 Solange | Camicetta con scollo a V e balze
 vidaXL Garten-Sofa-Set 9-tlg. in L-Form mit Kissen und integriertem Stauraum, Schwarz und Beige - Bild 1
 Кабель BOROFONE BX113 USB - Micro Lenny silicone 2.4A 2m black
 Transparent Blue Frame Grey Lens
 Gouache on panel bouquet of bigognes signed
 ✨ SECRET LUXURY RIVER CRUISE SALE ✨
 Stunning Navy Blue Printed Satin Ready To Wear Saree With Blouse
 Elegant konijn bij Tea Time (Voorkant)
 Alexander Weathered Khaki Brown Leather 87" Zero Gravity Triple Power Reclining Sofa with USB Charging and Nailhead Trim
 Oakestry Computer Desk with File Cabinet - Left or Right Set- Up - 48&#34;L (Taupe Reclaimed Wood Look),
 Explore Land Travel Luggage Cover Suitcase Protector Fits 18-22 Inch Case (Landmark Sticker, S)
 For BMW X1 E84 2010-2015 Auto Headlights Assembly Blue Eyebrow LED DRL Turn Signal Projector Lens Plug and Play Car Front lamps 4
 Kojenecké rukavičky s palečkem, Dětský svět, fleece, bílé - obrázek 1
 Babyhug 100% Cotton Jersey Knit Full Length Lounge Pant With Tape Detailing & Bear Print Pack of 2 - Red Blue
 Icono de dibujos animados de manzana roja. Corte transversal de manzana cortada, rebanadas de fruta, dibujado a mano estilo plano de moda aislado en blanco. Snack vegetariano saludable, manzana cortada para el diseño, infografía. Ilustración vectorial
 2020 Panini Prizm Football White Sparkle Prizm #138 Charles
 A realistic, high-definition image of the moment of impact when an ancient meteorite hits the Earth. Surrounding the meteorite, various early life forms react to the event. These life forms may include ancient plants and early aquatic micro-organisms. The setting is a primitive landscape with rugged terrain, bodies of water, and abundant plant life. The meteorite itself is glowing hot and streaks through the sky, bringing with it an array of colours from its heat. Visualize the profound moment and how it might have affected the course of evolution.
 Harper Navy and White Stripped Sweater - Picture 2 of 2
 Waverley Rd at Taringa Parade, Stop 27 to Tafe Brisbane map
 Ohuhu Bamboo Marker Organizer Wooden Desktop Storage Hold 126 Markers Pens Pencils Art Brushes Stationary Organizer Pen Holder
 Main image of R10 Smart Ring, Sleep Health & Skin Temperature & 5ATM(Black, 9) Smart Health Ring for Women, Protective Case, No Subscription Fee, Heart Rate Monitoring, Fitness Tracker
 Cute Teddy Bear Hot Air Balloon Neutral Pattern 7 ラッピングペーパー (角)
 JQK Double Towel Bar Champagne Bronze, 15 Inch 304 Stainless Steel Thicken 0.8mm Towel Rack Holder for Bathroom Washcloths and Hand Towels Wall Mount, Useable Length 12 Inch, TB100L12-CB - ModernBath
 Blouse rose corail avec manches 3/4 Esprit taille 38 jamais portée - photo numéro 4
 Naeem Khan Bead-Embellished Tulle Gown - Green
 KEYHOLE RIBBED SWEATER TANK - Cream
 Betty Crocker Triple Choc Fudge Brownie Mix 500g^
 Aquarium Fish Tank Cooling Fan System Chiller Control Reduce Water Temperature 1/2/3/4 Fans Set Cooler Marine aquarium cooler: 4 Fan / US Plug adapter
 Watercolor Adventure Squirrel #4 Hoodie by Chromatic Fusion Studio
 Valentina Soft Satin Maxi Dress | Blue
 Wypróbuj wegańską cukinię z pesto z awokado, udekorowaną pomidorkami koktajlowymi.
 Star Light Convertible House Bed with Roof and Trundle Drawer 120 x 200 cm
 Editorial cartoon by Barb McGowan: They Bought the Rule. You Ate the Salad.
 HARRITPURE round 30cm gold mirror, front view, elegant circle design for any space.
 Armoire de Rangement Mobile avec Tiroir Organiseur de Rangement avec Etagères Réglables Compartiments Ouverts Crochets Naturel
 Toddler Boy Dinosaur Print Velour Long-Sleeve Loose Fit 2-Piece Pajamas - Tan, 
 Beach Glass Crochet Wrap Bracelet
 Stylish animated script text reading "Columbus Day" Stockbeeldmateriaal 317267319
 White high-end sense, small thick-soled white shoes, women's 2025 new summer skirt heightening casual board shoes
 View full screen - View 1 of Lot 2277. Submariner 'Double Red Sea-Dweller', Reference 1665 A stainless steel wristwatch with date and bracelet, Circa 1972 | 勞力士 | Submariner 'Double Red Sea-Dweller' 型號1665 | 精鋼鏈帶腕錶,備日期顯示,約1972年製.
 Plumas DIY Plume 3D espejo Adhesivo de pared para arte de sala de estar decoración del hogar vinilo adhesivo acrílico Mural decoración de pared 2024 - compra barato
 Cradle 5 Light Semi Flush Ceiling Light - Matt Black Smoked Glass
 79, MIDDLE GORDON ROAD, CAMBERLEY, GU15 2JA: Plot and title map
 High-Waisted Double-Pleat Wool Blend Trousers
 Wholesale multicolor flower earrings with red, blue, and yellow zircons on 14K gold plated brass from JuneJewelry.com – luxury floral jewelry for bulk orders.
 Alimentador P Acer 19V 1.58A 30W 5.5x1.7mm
━━━━━━━━━━━━━━━━━━━━
ASSIGNED TASK: Copy, from the material, each line that holds the string "Double".

ANSWER TO THE PROBLEM:
 JQK Double Towel Bar Champagne Bronze, 15 Inch 304 Stainless Steel Thicken 0.8mm Towel Rack Holder for Bathroom Washcloths and Hand Towels Wall Mount, Useable Length 12 Inch, TB100L12-CB - ModernBath
 View full screen - View 1 of Lot 2277. Submariner 'Double Red Sea-Dweller', Reference 1665 A stainless steel wristwatch with date and bracelet, Circa 1972 | 勞力士 | Submariner 'Double Red Sea-Dweller' 型號1665 | 精鋼鏈帶腕錶,備日期顯示,約1972年製.
 High-Waisted Double-Pleat Wool Blend Trousers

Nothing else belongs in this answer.